Last modified: 2010-04-16 14:57:17 UTC
In the last time vandals create many articles which seems to have exactly the same title. Unfortunately they insert unvisible UTF8 characters into the title. So we get many diffferent articles which titles looks like say "Karin Stoiber". Software should refuse creating articles with a title which includes an unvisible character - of course "blank" must be an exception. Vandal problem occured in de-WP. My nickname is tsor, I am administrator. tsor
*** This bug has been marked as a duplicate of 1414 ***
When you said "unvisible UTF8 characters" I thought you were talking about some whitespace utf8 characters, but (as you explained in bug 1414) you are talking about characters which look like some latin characters (eg 'greek kappa' like 'K', or 'cyrillic small dze' like 's', etc .. -> [[w:en:Homoglyph]] ). Well using non latin utf8 characters in titles is not a bug .. it's a feature. Some wiki, like fr: use a lot of non latin char in the titles (usually it redirects to a romanized normalised title). Moreover the homoglyph problem already existed with l (L) and I (i) loot at [[w:de:Ill (Elsass)]] ; some vandals can create a page "Johannes Paul ll" (Johannes Paul II) most users wont notice. As it's somewhat related to punycode/IDN firefox 1.0.1 problem look at mozilla discussions : - http://weblogs.mozillazine.org/gerv/archives/007562.html - http://www.gerv.net/security/phishing-browser-defences.html We could try the suggested : - "Measurements of lexical proximity" with an older article title (helped with a list of utf8 homograph pair) - "Domain letter colouring", hilighting, tooltips above chars showing which unicode bloc they belong to. Or we could hilight/warn only unusual utf8 characters but this could required to define the list of frequently used char per wiki. I change the summary of the bug to "utf8 Homoglyph in titles"

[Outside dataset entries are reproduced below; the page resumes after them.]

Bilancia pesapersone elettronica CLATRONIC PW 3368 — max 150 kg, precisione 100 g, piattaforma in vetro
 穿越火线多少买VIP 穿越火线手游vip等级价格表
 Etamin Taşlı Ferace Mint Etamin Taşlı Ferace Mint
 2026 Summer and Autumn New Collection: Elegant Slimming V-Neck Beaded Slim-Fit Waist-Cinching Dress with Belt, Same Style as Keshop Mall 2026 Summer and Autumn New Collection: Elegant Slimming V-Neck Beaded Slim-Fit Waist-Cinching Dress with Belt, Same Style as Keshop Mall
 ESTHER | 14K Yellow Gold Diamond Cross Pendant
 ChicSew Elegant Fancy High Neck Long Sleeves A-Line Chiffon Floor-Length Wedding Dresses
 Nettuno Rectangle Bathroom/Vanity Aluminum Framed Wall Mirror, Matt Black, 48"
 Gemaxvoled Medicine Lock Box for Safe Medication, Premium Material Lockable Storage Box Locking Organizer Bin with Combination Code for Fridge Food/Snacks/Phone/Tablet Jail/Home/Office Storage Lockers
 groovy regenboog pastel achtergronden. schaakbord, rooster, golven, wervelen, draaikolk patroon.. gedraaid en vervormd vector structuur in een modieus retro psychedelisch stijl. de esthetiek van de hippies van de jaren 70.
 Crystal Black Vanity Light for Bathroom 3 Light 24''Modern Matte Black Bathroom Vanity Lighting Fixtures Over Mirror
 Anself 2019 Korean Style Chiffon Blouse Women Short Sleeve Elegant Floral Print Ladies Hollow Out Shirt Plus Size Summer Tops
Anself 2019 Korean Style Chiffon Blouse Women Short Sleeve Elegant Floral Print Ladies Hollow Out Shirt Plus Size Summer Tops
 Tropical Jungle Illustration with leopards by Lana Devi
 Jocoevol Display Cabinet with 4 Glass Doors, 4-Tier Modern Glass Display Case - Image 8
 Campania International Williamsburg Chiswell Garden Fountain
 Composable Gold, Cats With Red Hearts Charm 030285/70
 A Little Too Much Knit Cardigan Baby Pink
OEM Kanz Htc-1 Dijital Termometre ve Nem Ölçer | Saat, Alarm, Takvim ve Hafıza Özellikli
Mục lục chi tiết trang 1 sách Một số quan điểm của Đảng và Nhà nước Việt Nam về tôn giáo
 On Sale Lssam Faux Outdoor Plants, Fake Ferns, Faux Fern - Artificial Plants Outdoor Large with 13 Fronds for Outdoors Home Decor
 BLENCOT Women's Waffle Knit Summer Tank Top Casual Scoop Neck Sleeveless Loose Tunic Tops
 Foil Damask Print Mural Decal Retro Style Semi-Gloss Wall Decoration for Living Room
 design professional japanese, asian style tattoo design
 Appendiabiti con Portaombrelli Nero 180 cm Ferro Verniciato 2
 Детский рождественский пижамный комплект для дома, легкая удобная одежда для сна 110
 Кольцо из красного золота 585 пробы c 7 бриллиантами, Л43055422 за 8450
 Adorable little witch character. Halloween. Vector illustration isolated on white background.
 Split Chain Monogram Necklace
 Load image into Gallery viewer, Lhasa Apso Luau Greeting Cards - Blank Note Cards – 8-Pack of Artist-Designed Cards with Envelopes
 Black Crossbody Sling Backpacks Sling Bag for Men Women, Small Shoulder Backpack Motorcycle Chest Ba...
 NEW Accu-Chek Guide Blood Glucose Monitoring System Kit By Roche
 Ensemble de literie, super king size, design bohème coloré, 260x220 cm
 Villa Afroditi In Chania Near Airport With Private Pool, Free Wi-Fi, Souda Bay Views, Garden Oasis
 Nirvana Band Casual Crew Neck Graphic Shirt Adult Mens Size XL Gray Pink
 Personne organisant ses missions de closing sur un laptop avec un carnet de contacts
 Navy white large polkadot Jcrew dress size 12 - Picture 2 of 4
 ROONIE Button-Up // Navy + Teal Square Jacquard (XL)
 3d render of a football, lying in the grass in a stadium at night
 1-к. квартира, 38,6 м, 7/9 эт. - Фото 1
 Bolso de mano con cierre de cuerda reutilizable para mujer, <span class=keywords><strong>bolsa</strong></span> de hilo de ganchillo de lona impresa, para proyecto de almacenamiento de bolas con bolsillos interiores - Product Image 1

Moved to the general/Unknown component and changed the severity from major to trivial, there is an easy workaround avalible.
(In reply to comment #2) > Well using non latin utf8 characters in titles is not a bug .. it's a feature. > Yes, and on those grounds I would originally suggest a WONTFIX. (In reply to comment #3) > Moved to the general/Unknown component and changed the severity from major to > trivial, there is an easy workaround avalible. Yes, you can use AbuseFilter to prevent these sorts of things if vandalism is indeed an issue for your wiki (and I believe en.wikipedia already does some things to this effect). For that reason, I'm going to resolve this FIXED.